Bereits vor einigen Wochen haben Shells Bohrschiffe die Arktis verlassen. Man muss mittlerweile fast dankbar dafür sein, dass der Ölkonzern die Beaufort- und Tschuktschenseen in der kurzen Zeit seines Aufenthalts nicht in Schutt und Asche gelegt hat. Dass an den Bohrstellen vor der Küste Alaskas zur Stunde nicht barrelweise Rohöl in arktische Gewässer sprudelt, liegt allerdings auch daran, dass lediglich so genannte Top-Hole-Bohrungen durchgeführt wurden – bei diesen wird gar nicht bis in ölführende Schichten vorgedrungen.

Die zuständige US-Behörde hatte Shell die nötigen Genehmigungen für tatsächliche Ölbohrungen nämlich nicht erteilt. Ein Bericht des Radiosenders KUOW enthüllte, dass die Behörde für ihre zögerliche Haltung gute Gründe hatte: Beim Testen des Notfall-Equipments im September kam es zu – gelinde gesagt – grösseren Schwierigkeiten. Weniger gelinde schreibt es Mark Fesmire, ein Beamter der US-Behörde BSEE, in einer E-Mail an einen Kollegen: Die obere Hälfte einer Haube, die sich im Notfall über ein Ölleck senken sollte, sei nach einem desaströsen Test-Durchlauf «crushed like a beer can» – zerquetscht wie eine Bierdose.

Beim Anblick der zerquetschten Bierdose auf der KUOW-Seite überfällt mich kaltes Grausen. Die Tests fanden nämlich keinesfalls unter den Bedingungen statt, die in der Arktis vorherrschend sind. Die lächerliche Schutzhaube (von Shell optimistisch «containment dome» getauft) trug die Schäden in den Gewässern des Puget Sounds davon – einem Sund im US-Bundestaat Washington. Verglichen mit der Arktis ist dieser eine Badewanne.

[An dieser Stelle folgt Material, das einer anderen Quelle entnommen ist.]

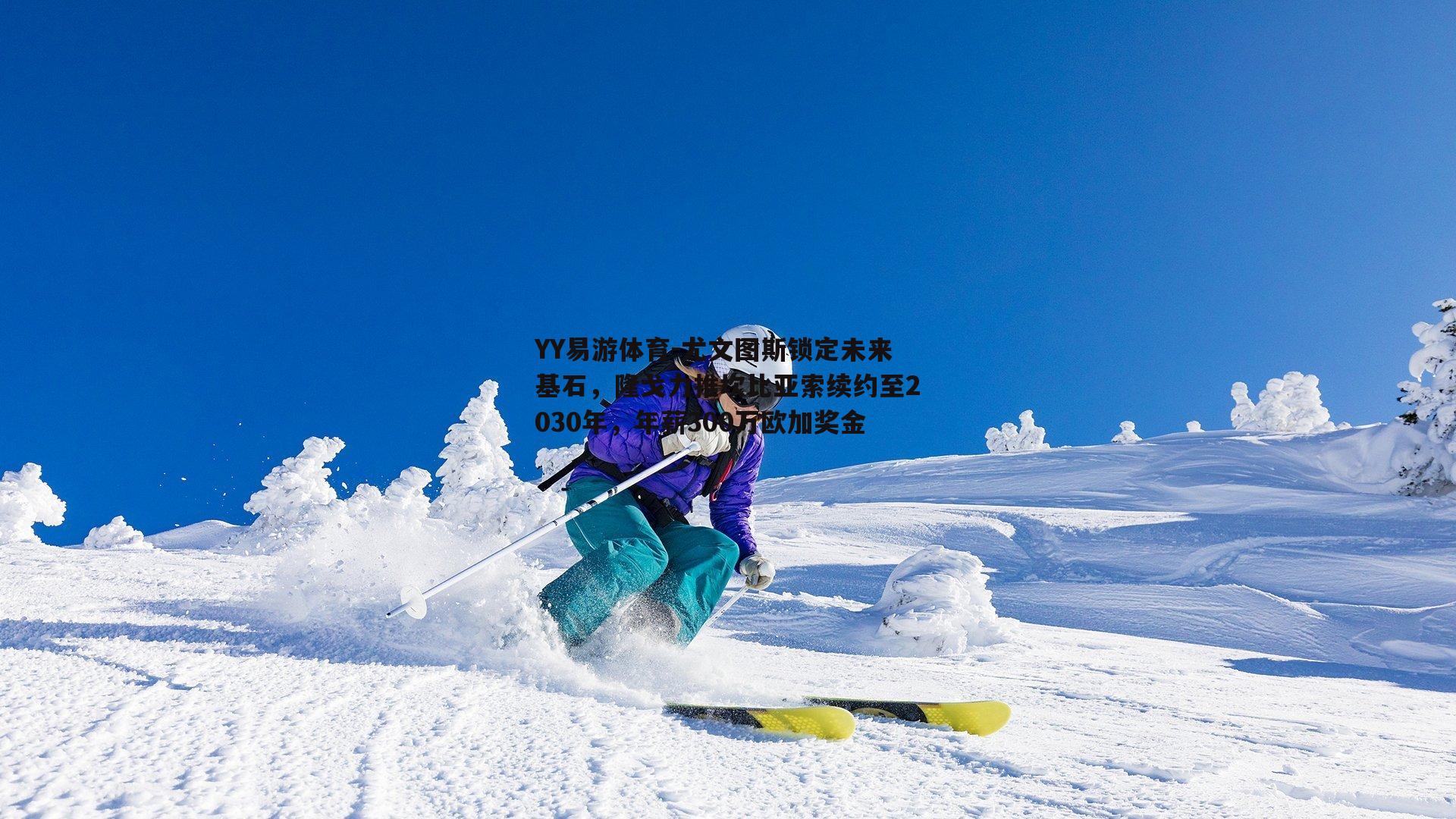 尤文图斯锁定未来基石，隆戈力推坎比亚索续约至2030年，年薪300万欧加奖金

Die Beulen gab es beim kontrollierten Absenken ins Meer: Bei den Proben für den Ernstfall tauchte die Haube plötzlich wieder an der Wasseroberfläche auf, liess ordentlich Druck ab («wie ein Wal», schreibt Fesmire) und sank dann ebenso plötzlich wieder ab. Den Aufprall auf dem Meeresgrund verhinderte in knapp vierzig Meter Tiefe eine angeschlossene Boje. Es dauerte anschliessend zwölf Stunden, bis der demolierte weisse Kasten wieder aus dem Wasser gezogen werden konnte. Die Verformungen waren entstanden, weil die Auftriebskammern unter Wasser dem plötzlichen Druckaufbau nachgegeben hatten.

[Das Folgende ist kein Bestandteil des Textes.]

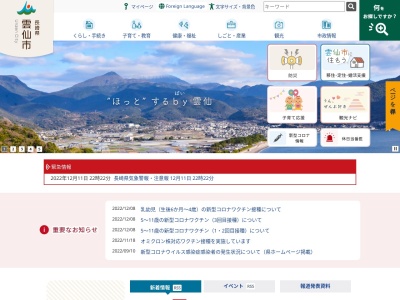 雲仙市役所(日本、〒859-1107 長崎県雲仙市吾妻町牛口名７１４)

KUOW.org veröffentlichte danach eine E-Mail-Korrespondenz zwischen Fesmire und einem Kollegen, aus der hervorgeht, dass der Panne zwei weitere Malheurs unmittelbar vorausgegangen waren: Die Haube musste bereits unter den Schraubenzieher, nachdem sie sich aus ihrem Windwerk gelöst hatte, mit dem sie unter Wasser manövriert wird. Ausserdem hatte sich ein ferngesteuertes U-Boot in Ankerseilen verfangen. Taucher benötigten 24 Stunden, um das Gerät zu bergen. Apropos: In der Arktis müsste man auf Taucher verzichten. Stattdessen kann Shell dort auf die Mithilfe driftender Eisberge, extremer Minustemperaturen, schlechter Sichtverhältnisse und kräftiger Stürme setzen.

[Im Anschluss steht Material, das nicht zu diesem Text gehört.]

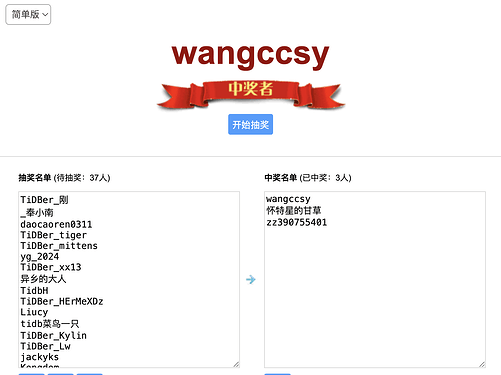 截屏2025-08-29 10.56.01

Natürlich spielt Shells Kommunikationsabteilung die immensen Risiken von Ölbohrungen in der Arktis meist routiniert herunter. Pete Slaiby, Vize-Chef von Shell Alaska, hat sich jedoch etwas mehr Ehrlichkeit verordnet. Im Interview mit der BBC erklärt er, dass er mit Ölunfällen in der Arktis rechne: «Da gibt’s nichts zu beschönigen, ich denke mir, dass es Ölunfälle geben wird, und kein Unfall ist ok. Aber wird es zu einem Unfall kommen, der die Lebensgrundlagen der Menschen [in der betroffenen Region] beeinträchtigt? Ich denke nein, ich glaube nicht, dass das passieren wird.»

Weder diese bemerkenswerte Einsicht noch die Pannenserie haben Shell bisher dazu inspiriert, mehr Geld in Sicherheitsvorkehrungen zu investieren. Der Konzern repariert lieber die Bierdose, die von einem Schiff, das in der Vergangenheit bereits eine beachtliche Karriere als Vogelnest hinlegte, in die Arktis transportiert werden soll. Kein Witz, leider.